| 6:48 am on Jul 14, 2006 (gmt 0)|
I have a similar problem, I've excluded entire directories and 3 weeks later they are still there. A few of these results haven't even existed for months... good to know if it was sensitive information I could easily get it removed promptly...
| 6:55 am on Jul 14, 2006 (gmt 0)|
Use remove-url , this is quite boring and painfull solution but it worked for me when I was working for my previous firm.We removed some 2000 urls.
| 7:04 am on Jul 14, 2006 (gmt 0)|
"I use a PHP redirect script for affiliate links on my website
(for example, example.com/redirect.php?1) that redirects to merchants. Obviously, I do not want these pages indexed, but when I look up the search results from my site in Google, they appear. In my robots.txt file, I have specified that php files should not be indexed, but yet they appear in Google's index. Does anyone know how I can go about fixing this issue? "
Had some problems with these a while back. Are you using a 301/302 redirect? Are they appearing as url only or are they appearing fully indexed? If they are fully indexed then what are they indexed with? A year ago I seen 301 tracking redirect urls indexed with content of the page the redirect was on. Just a funny thing I seen happened. If they are URL only then more than likely it shows that google knows about the url since it is placed on a public page and they simply do nothing with them.
There are some form pages that I use for discussion posts that use the same script and url except for the query strings. I just put the forms in a seperate directory and disallow the whole directory plus disallow on page to be safe. Works real well. There are many variations due to query strings and google knows about those urls since they are on public pages (they show in site-maps and one version in the site: command) but does not index any contents of those pages.

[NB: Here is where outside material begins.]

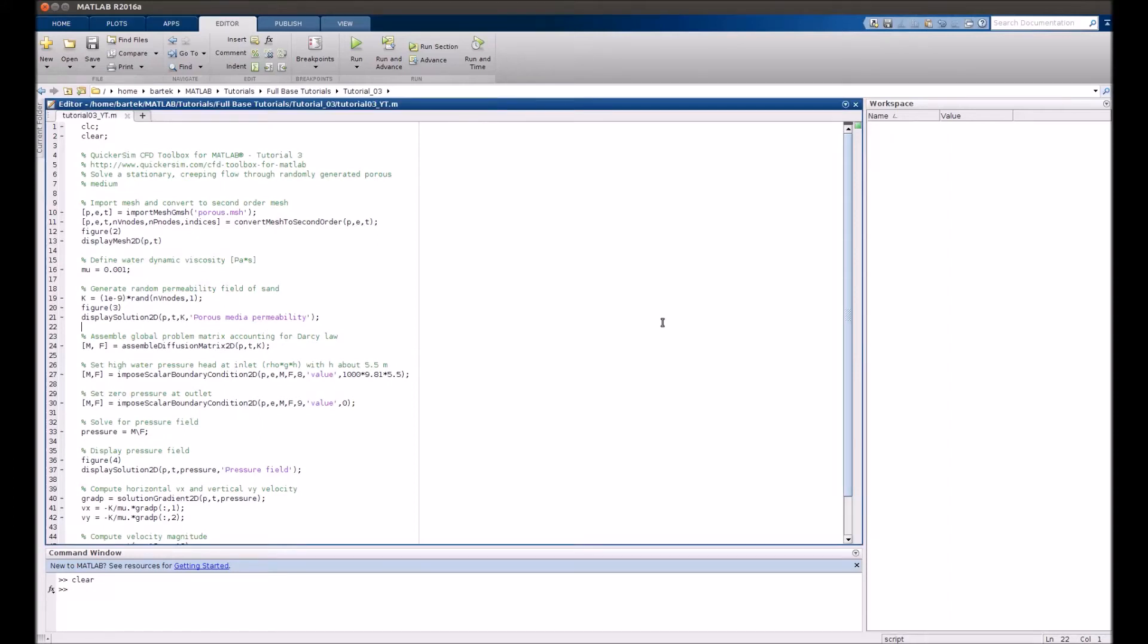Hi, welcome to the QuickerSim CFD Toolbox for MATLAB tutorial number 3. In this tutorial we will simulate a creeping flow through porous media.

You could also be safe and put a rel="nofollow" in the href tags containing the links. Keep in mind that google will still know of the url but again should do nothing with it and if any were displayed they should be url only.
| 7:14 am on Jul 14, 2006 (gmt 0)|
>>In my robots.txt file, I have specified that php files should not be indexed
if i understand you properly, you can't do this.
| 7:19 am on Jul 14, 2006 (gmt 0)|
Adding rel=nofollow attribute, to A links may help but google seems to ignore that at times.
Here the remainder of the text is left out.